Dataset entries
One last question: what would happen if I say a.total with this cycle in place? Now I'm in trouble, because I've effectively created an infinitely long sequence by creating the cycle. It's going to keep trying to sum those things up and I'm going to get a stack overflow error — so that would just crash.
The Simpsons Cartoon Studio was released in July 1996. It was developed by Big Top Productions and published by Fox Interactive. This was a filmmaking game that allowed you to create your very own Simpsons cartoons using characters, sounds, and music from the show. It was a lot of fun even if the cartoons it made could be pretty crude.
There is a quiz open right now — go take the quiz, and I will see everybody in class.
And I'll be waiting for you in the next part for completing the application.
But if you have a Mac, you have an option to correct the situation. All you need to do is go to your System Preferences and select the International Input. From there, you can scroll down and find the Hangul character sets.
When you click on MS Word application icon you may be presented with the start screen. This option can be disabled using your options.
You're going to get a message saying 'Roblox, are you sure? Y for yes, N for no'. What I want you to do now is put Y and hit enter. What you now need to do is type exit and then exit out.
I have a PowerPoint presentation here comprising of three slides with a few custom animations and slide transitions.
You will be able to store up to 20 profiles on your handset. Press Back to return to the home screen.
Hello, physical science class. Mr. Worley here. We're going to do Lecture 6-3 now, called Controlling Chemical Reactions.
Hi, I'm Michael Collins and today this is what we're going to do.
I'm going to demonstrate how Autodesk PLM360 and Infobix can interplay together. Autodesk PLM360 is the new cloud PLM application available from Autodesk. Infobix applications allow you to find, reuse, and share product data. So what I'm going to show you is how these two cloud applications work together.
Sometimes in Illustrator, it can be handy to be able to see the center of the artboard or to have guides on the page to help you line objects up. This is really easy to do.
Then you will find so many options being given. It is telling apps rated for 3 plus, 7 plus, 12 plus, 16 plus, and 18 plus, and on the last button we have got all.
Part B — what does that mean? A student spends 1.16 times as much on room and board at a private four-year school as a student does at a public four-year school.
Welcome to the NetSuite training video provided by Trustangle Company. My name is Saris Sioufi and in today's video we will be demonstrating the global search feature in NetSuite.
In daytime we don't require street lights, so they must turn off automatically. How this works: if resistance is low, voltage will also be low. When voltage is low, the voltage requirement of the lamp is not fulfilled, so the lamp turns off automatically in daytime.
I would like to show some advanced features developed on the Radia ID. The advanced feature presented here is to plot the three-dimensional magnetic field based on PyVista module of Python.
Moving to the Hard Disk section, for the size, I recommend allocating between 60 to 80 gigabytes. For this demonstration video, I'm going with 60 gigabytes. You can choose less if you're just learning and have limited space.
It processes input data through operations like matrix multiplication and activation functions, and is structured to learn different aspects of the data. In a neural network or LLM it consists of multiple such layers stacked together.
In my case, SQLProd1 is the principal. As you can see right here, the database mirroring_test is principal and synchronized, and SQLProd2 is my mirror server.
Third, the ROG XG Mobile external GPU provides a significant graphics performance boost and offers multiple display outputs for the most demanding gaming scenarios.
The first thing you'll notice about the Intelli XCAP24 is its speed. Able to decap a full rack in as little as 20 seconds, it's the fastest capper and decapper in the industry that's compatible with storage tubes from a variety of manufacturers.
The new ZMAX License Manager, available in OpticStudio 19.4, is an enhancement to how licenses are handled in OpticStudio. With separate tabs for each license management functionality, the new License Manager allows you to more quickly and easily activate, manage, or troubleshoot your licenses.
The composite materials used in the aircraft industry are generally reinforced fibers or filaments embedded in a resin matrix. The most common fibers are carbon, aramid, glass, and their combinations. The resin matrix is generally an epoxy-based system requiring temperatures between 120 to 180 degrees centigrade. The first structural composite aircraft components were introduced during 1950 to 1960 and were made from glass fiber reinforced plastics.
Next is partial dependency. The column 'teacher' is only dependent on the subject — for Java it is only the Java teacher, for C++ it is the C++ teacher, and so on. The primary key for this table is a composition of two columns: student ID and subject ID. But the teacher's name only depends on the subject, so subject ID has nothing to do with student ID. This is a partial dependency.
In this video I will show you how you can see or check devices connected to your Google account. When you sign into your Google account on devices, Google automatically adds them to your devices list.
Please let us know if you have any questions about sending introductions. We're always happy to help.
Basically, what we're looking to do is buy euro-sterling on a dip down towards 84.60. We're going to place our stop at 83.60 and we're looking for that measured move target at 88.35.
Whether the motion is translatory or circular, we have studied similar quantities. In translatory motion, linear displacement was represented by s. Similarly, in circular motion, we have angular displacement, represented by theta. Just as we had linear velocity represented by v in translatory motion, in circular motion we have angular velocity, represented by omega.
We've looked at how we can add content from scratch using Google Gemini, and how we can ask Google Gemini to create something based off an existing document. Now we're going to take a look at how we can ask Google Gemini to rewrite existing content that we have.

(YOUR OBJECTIVE)
A verbatim transcription of all the entries above is required.

(OUTPUT FOR THIS EXERCISE)
One last question: what would happen if I say a.total with this cycle in place? Now I'm in trouble, because I've effectively created an infinitely long sequence by creating the cycle. It's going to keep trying to sum those things up and I'm going to get a stack overflow error — so that would just crash.
The Simpsons Cartoon Studio was released in July 1996. It was developed by Big Top Productions and published by Fox Interactive. This was a filmmaking game that allowed you to create your very own Simpsons cartoons using characters, sounds, and music from the show. It was a lot of fun even if the cartoons it made could be pretty crude.
There is a quiz open right now — go take the quiz, and I will see everybody in class.
And I'll be waiting for you in the next part for completing the application.
But if you have a Mac, you have an option to correct the situation. All you need to do is go to your System Preferences and select the International Input. From there, you can scroll down and find the Hangul character sets.
When you click on MS Word application icon you may be presented with the start screen. This option can be disabled using your options.
You're going to get a message saying 'Roblox, are you sure? Y for yes, N for no'. What I want you to do now is put Y and hit enter. What you now need to do is type exit and then exit out.
I have a PowerPoint presentation here comprising of three slides with a few custom animations and slide transitions.
You will be able to store up to 20 profiles on your handset. Press Back to return to the home screen.
Hello, physical science class. Mr. Worley here. We're going to do Lecture 6-3 now, called Controlling Chemical Reactions.
Hi, I'm Michael Collins and today this is what we're going to do.
I'm going to demonstrate how Autodesk PLM360 and Infobix can interplay together. Autodesk PLM360 is the new cloud PLM application available from Autodesk. Infobix applications allow you to find, reuse, and share product data. So what I'm going to show you is how these two cloud applications work together.
Sometimes in Illustrator, it can be handy to be able to see the center of the artboard or to have guides on the page to help you line objects up. This is really easy to do.
Then you will find so many options being given. It is telling apps rated for 3 plus, 7 plus, 12 plus, 16 plus, and 18 plus, and on the last button we have got all.
Part B — what does that mean? A student spends 1.16 times as much on room and board at a private four-year school as a student does at a public four-year school.
Welcome to the NetSuite training video provided by Trustangle Company. My name is Saris Sioufi and in today's video we will be demonstrating the global search feature in NetSuite.
In daytime we don't require street lights, so they must turn off automatically. How this works: if resistance is low, voltage will also be low. When voltage is low, the voltage requirement of the lamp is not fulfilled, so the lamp turns off automatically in daytime.
I would like to show some advanced features developed on the Radia ID. The advanced feature presented here is to plot the three-dimensional magnetic field based on PyVista module of Python.
Moving to the Hard Disk section, for the size, I recommend allocating between 60 to 80 gigabytes. For this demonstration video, I'm going with 60 gigabytes. You can choose less if you're just learning and have limited space.
It processes input data through operations like matrix multiplication and activation functions, and is structured to learn different aspects of the data. In a neural network or LLM it consists of multiple such layers stacked together.
In my case, SQLProd1 is the principal. As you can see right here, the database mirroring_test is principal and synchronized, and SQLProd2 is my mirror server.
Third, the ROG XG Mobile external GPU provides a significant graphics performance boost and offers multiple display outputs for the most demanding gaming scenarios.
The first thing you'll notice about the Intelli XCAP24 is its speed. Able to decap a full rack in as little as 20 seconds, it's the fastest capper and decapper in the industry that's compatible with storage tubes from a variety of manufacturers.
The new ZMAX License Manager, available in OpticStudio 19.4, is an enhancement to how licenses are handled in OpticStudio. With separate tabs for each license management functionality, the new License Manager allows you to more quickly and easily activate, manage, or troubleshoot your licenses.
The composite materials used in the aircraft industry are generally reinforced fibers or filaments embedded in a resin matrix. The most common fibers are carbon, aramid, glass, and their combinations. The resin matrix is generally an epoxy-based system requiring temperatures between 120 to 180 degrees centigrade. The first structural composite aircraft components were introduced during 1950 to 1960 and were made from glass fiber reinforced plastics.
Next is partial dependency. The column 'teacher' is only dependent on the subject — for Java it is only the Java teacher, for C++ it is the C++ teacher, and so on. The primary key for this table is a composition of two columns: student ID and subject ID. But the teacher's name only depends on the subject, so subject ID has nothing to do with student ID. This is a partial dependency.
In this video I will show you how you can see or check devices connected to your Google account. When you sign into your Google account on devices, Google automatically adds them to your devices list.
Please let us know if you have any questions about sending introductions. We're always happy to help.
Basically, what we're looking to do is buy euro-sterling on a dip down towards 84.60. We're going to place our stop at 83.60 and we're looking for that measured move target at 88.35.
Whether the motion is translatory or circular, we have studied similar quantities. In translatory motion, linear displacement was represented by s. Similarly, in circular motion, we have angular displacement, represented by theta. Just as we had linear velocity represented by v in translatory motion, in circular motion we have angular velocity, represented by omega.
We've looked at how we can add content from scratch using Google Gemini, and how we can ask Google Gemini to create something based off an existing document. Now we're going to take a look at how we can ask Google Gemini to rewrite existing content that we have.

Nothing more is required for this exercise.